Located down the road from me, so posting here so I don't end up with an L1 ?

https://www.ebay.co.uk/itm/Londinium-1-Lever-Coffee-Machine-requires-repair-with-extensive-accessories/164043455822?hash=item2631c07d4e:g:FoUAAOSwfiReKEpx

Needs work, but I share the seller's optimism that this would be quite straightforward.



> Has not been using for some time due to storage during home refurbishment; electrics operational but tank is not re-filling. Likely a relatively simple fix (usually is with this machine) but I sadly do not have the time or room.


----------



## Jacko112 (Oct 29, 2015)

Thank goodness it's the wrong end of the country to me!


----------



## Jony (Sep 8, 2017)

Might bid this you OK to pick up for me!?? @catpuccino


----------



## ArisP (Dec 17, 2019)

Jony said:


> Might bid this you OK to pick up for me!?? @catpuccino


 Let us know if you bid, so I don't bid against you...


----------



## catpuccino (Jan 5, 2019)

Jony said:


> Might bid this you OK to pick up for me!?? @catpuccino


 Should be fine, happy to help out, do I get to keep it after? ???


----------



## Jony (Sep 8, 2017)

If its a reasonable price, I win it you fix it and use it for 3 months then I pay shipping to me?? sounds good unless someone on here throws the spanner in the works! they know who they are


----------



## Jony (Sep 8, 2017)

ArisP said:


> Let us know if you bid, so I don't bid against you...


 If I get the answer to my questions I am bidding I bid to win as well haha


----------



## 4085 (Nov 23, 2012)

exactly why links should not be posted.....


----------



## ArisP (Dec 17, 2019)

Jony said:


> If I get the answer to my questions I am bidding I bid to win as well haha


 My mistake for trying to be a gentleman...expect to pay 50% now ?


----------



## catpuccino (Jan 5, 2019)

Jony said:


> If its a reasonable price, I win it you fix it and use it for 3 months then I pay shipping to me?? sounds good unless someone on here throws the spanner in the works! they know who they are


 No time or space for that I'm afraid (hence why I'm not having it haha), pallet shipping also a problem for my inner city flat as no access and a lot of narrow mid-1700s steps to negotiate*. If someone needs an intermediary to hold onto it for a couple weeks I could manage it but not much more I'm afraid.

*Getting the Vesuvius in nearly killed everyone involved.


----------



## Bacms (Jul 25, 2019)

Guess is time to book a flight to Edinburgh


----------



## 4515 (Jan 30, 2013)

I was expecting to see some abused machine but it looks well looked after. Whats betting it gets near to a grand ?


----------



## ArisP (Dec 17, 2019)

working dog said:


> I was expecting to see some abused machine but it looks well looked after. Whats betting it gets near to a grand ?

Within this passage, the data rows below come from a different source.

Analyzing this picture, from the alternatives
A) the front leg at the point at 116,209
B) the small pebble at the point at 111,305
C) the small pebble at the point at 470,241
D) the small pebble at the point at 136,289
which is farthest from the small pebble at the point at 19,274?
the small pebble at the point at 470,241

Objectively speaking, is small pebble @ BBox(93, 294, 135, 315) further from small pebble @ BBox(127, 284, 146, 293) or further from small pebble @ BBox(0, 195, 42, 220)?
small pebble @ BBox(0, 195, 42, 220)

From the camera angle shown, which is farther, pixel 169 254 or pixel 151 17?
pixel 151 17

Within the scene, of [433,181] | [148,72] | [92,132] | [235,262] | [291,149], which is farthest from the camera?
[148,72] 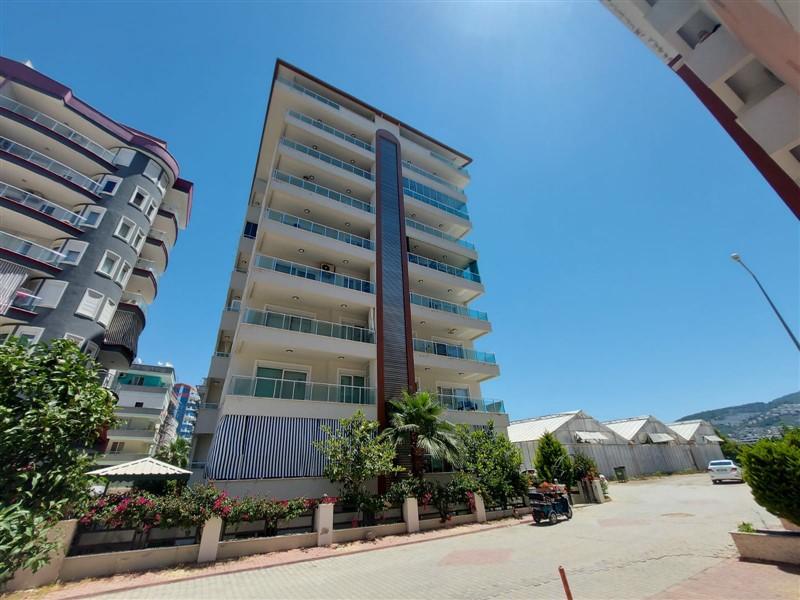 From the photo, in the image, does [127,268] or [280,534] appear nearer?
[280,534]

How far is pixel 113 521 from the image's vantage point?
9.50 metres

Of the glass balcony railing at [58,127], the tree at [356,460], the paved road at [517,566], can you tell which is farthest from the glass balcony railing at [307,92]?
the paved road at [517,566]

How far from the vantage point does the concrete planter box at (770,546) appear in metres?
7.49

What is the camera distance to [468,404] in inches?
822

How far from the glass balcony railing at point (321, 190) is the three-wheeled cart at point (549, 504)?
19.0 metres

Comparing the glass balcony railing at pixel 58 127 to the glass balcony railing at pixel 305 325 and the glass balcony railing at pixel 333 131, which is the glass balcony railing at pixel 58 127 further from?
the glass balcony railing at pixel 305 325

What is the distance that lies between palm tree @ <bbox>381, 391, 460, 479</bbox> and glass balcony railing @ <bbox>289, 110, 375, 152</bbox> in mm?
18930

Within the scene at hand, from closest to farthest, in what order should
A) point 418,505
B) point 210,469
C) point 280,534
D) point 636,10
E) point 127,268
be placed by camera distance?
point 636,10
point 280,534
point 210,469
point 418,505
point 127,268

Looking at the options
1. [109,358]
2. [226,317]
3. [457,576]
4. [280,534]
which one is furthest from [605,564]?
[109,358]

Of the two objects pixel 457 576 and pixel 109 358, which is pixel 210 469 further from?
pixel 109 358

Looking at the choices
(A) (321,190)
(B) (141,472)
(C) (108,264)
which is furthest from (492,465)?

 Very likely, and at that point, unless you live nearby, it's not worth it. Also noticed that there are 8 days left in the auction, so everyone and their dog will be bidding on it.


----------



## Deidre (Aug 13, 2019)

Oh my!!! What a bargain that is for a lucky soul with skills to do the repair!?☺


----------



## Deidre (Aug 13, 2019)

@catpuccino @Jony @Bacms @ArisP@dfk41

Ok, who got it?!☺


----------



## joey24dirt (Jan 28, 2017)

Did you get this@jony ?

Sent from my iPhone using Tapatalk


----------



## ArisP (Dec 17, 2019)

He canceled the bid? Guess someone told him how things are done in the old country, forget about it!


----------



## GrowlingDog (Apr 10, 2016)

I hope someone here got it. I didn't bother as pointless bidding against people on same forum.


----------



## Jony (Sep 8, 2017)

joey24dirt said:


> Did you get this@jony ?
> 
> Sent from my iPhone using Tapatalk


 Nope had to travel for work stuff. Been rather busy oh and my Bluetooth stooped working on my lunar mmm


----------



## catpuccino (Jan 5, 2019)

ArisP said:


> He canceled the bid? Guess someone told him how things are done in the old country, forget about it!


 It got relisted for 1k BIN.


----------



## Border_all (Dec 19, 2019)

catpuccino said:


> It got relisted for 1k BIN.


 Looks like its sold now best offer accepted no not me though sticking with my spaz for now ?


----------



## joey24dirt (Jan 28, 2017)

I bet the guy had loads of offers privately so chucked on a BIN

Sent from my iPhone using Tapatalk


----------